* _The data_:
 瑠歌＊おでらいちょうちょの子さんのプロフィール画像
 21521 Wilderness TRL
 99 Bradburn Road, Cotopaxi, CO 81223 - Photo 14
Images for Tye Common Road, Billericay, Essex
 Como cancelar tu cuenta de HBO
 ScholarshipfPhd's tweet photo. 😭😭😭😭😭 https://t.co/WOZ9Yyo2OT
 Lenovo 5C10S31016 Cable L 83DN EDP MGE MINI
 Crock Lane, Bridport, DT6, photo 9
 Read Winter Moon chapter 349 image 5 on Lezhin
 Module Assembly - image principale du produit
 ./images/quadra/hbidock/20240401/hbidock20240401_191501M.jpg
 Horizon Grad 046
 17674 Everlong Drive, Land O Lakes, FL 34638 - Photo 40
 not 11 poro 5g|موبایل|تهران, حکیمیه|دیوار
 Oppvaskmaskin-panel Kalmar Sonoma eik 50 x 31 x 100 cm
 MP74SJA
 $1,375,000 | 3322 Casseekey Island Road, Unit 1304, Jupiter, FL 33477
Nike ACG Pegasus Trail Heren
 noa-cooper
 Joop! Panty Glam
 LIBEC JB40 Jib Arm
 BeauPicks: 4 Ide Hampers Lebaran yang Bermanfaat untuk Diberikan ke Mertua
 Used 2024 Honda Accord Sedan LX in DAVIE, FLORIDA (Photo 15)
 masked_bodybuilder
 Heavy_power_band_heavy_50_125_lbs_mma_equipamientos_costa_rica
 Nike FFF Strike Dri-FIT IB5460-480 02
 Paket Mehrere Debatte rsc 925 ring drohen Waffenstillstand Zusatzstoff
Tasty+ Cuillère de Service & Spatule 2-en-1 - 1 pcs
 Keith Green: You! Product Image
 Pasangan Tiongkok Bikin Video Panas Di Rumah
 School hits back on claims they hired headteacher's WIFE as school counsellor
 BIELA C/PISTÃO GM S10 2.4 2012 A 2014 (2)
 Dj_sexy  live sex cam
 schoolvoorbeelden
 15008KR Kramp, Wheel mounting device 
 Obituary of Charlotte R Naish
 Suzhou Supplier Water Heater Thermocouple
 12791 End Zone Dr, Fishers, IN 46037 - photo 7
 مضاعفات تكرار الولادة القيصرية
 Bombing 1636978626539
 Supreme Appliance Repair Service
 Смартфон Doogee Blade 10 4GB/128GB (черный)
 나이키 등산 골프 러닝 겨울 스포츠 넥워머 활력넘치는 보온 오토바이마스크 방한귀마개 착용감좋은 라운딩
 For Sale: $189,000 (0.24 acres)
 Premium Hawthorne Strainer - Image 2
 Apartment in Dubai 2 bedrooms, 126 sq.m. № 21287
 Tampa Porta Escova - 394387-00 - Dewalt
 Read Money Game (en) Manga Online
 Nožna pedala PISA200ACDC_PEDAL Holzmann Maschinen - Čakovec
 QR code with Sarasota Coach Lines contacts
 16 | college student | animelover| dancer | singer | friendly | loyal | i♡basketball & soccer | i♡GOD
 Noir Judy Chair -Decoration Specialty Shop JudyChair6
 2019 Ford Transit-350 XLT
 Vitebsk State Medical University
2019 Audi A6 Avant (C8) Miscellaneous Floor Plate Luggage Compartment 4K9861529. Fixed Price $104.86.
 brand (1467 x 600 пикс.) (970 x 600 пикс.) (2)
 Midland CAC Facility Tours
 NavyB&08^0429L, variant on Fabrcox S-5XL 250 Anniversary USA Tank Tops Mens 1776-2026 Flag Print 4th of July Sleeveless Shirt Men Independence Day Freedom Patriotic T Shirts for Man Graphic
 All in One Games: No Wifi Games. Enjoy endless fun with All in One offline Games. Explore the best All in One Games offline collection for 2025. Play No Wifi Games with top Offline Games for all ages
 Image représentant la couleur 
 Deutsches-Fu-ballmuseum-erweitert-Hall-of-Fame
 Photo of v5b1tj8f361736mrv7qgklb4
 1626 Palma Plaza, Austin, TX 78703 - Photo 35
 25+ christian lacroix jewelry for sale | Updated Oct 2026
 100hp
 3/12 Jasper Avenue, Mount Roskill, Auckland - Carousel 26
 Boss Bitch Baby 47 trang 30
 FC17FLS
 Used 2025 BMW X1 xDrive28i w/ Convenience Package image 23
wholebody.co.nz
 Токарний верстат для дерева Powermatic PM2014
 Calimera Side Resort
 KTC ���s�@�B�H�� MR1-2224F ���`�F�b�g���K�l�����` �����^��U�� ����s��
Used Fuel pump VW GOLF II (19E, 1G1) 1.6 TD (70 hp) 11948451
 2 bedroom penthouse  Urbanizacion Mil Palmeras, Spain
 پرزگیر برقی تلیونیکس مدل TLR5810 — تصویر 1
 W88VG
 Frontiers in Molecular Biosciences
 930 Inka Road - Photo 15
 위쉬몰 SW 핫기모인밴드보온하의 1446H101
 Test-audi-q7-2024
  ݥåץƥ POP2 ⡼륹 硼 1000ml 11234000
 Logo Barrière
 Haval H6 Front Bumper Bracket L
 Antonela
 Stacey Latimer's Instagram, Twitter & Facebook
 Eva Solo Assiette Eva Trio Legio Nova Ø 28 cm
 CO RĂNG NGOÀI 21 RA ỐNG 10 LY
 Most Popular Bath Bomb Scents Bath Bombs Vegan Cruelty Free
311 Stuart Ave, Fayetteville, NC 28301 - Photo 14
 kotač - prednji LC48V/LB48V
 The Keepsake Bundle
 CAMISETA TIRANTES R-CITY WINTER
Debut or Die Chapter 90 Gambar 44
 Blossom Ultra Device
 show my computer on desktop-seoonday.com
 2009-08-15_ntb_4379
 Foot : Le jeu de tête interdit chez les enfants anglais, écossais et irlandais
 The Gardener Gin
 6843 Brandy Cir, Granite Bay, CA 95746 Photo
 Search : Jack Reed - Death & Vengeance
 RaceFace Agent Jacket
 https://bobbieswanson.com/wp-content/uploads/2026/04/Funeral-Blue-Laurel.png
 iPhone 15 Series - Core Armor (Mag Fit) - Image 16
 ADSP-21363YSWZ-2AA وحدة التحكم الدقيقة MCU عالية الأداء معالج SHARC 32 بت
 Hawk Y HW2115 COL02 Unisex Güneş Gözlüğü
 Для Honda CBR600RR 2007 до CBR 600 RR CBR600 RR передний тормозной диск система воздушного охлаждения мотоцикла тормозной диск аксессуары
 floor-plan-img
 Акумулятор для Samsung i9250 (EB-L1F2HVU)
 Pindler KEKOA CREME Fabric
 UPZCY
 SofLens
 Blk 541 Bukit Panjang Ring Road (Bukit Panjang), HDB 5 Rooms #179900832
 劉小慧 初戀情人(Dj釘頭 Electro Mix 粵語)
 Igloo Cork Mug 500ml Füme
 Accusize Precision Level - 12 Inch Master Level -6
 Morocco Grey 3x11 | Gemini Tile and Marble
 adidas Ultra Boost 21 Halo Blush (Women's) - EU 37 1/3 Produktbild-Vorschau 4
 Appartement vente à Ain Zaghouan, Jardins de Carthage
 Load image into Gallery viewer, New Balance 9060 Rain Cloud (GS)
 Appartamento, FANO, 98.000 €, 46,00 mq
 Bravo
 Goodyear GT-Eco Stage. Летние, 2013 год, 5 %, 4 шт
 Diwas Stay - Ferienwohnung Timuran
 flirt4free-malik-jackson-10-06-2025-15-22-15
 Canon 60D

* _Task instructions_: Going back over the entries above, copy word for word every line from the one that has "Nike FFF Strike Dri-FIT IB5460-480 02" on through the one that has "Suzhou Supplier Water Heater Thermocouple".

* _Result below_:
 Nike FFF Strike Dri-FIT IB5460-480 02
 Paket Mehrere Debatte rsc 925 ring drohen Waffenstillstand Zusatzstoff
Tasty+ Cuillère de Service & Spatule 2-en-1 - 1 pcs
 Keith Green: You! Product Image
 Pasangan Tiongkok Bikin Video Panas Di Rumah
 School hits back on claims they hired headteacher's WIFE as school counsellor
 BIELA C/PISTÃO GM S10 2.4 2012 A 2014 (2)
 Dj_sexy  live sex cam
 schoolvoorbeelden
 15008KR Kramp, Wheel mounting device 
 Obituary of Charlotte R Naish
 Suzhou Supplier Water Heater Thermocouple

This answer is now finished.